Annesiyle cezaevinde kalan çocukların 291'i oğlan, 269'u kız çocuğu.
Üç "seçenek”
İlgezdi bu verilere de yer verdiği “Annesi ile cezaevinde kalan çocuklar raporu”nda, Türkiye’de, annesi hüküm giyen veya tutuklanan 0-6 yaş grubu çocukların önünde üç seçenek bulunduğundan söz etti.
“Dışarıda kendisine bakacak yakınları varsa onların yanında kalabilmekte, kendilerine bakacak kimse yoksa hapishanede anneleriyle tutulmakta, annelerinin kabul etmemesi durumunda, ‘devlet koruması altında olan’ çocuk yuvalarına yerleştiriliyor.
“Bununla birlikte, evladından ayrılmak istemeyen anneler çoğunlukla, dışarıda çocuklarına bakacak aile fertleri olsa dahi emzirme çağında olmaları veya güvenlik gibi nedenlerle hapishane koşullarına rağmen çocuklarının yanlarında kalmasını istemektedirler.”
Raporda yer alan bilgiler anahatlarıyla şöyle...
TIKLAYIN - ÇOCUKLARIYLA HAPSEDİLEN ANNELER İÇİN ÇÖZÜM ÇAĞRISI
Çocuklu anneler, koğuşlarda dışlanıyor
“Cezaevlerinde birçok mahpus, çocuk sesine tahammül edemediği için çocuklu mahpuslarla birlikte kalmak istemiyor. Rahatsız olan mahpuslar koğuş değiştiriyorlar. Bu durum da mahpus anneler ve çocukları üzerinde baskı oluşturuyor. Sürekli ‘Sus’ denildiği için konuşmaları engellenen çocuklar, dertlerini işaretlerle anlatmaya çalıştıkları için kimi zaman konuşmayı dahi öğrenemiyorlar.
Ayrı ekmek hakları yok
“Annelerinin yanında kalan çocuklar için cezaevlerinde özel mönü hazırlanması ve dengeli beslenmelerinin sağlanması gerekirken ayrı ekmek hakları dahi olmuyor. Çocuklu anneler, kendileri için verilen günlük bir ekmek ile hem kendi karınlarını hem de çocuklarını doyurmak zorunda bırakılıyor.

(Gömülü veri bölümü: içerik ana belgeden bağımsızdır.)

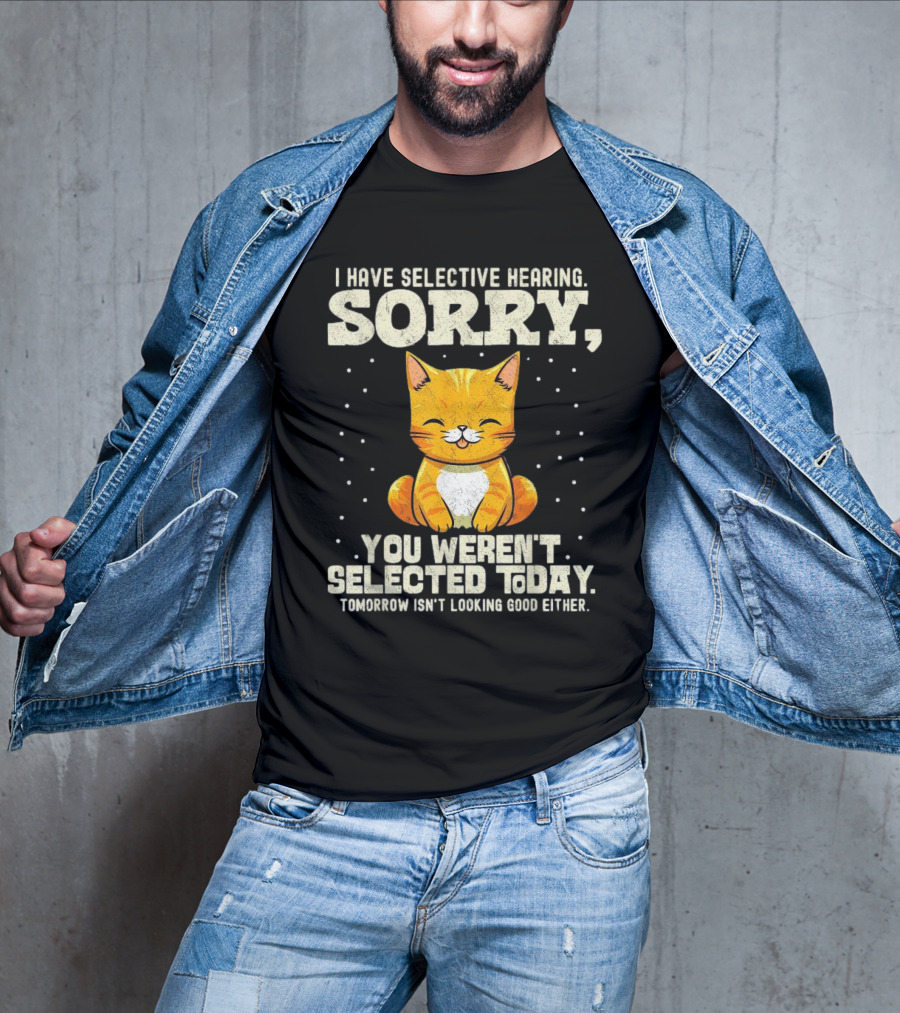 I Have Selective Hearing Sorry You Weren’t Selected Today Cat T-Shirt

“Sayılı olarak verilen börek, tatlı, balık, meyve vb. yiyeceklerde de çocuk yok sayılıyor. Ayrıca çocuklara uygun çatal kaşık verilmiyor. Büyükler için verilen keskin, ince, büyük metal kaşıklarla yemek yemeye çalışıyorlar.

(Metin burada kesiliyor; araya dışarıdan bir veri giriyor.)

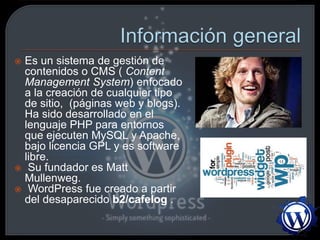  Es un sistema de gestión de
contenidos o CMS ( Content
Management System) enfocado
a la creación de cualquier tipo
de sitio, (páginas web y blogs).
Ha sido desarrollado en el
lenguaje PHP para entornos
que ejecuten MySQL y Apache,
bajo licencia GPL y es software
libre.
 Su fundador es Matt
Mullenweg.
 WordPress fue creado a partir
del desaparecido b2/cafelog .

Çocuklar oyuncaksız büyüyor
“Kreşlerde yeterli oyuncak olduğu gerekçesiyle koğuşlara peluş oyuncaklar haricinde oyuncak sokulmasına izin verilmiyor.
“Cezaevlerinde pilli radyoya ve kuşlar için ahşap kafeslere izin veriliyorken; anneleriyle birlikte cezaevlerinde kalan çocukların oyuncaklarına, ‘onun pili var, bu ahşap’ gibi komik güvenlik gerekçesiyle yasaklar koyuluyor.
Çocuklara özgü uygulama yok
“Çocuklar, kreş dahil birçok yere giriş çıkış yaparken defalarca ‘mahkum kabul’ denilen x-ray cihazından geçerek gidiyorlar. Ayakkabısı ya da tokası yüzünden cihaz her öttüğünde; ayakkabı ve tokalar çıkarılıyor, tekrar tekrar zorla geçiriliyor. Koğuş sayımları ve aramalar çocukların gözleri önünde ve çocukların da aranması şeklinde yapılıyor. Bu durumda travmatik etkiler yaratıyor.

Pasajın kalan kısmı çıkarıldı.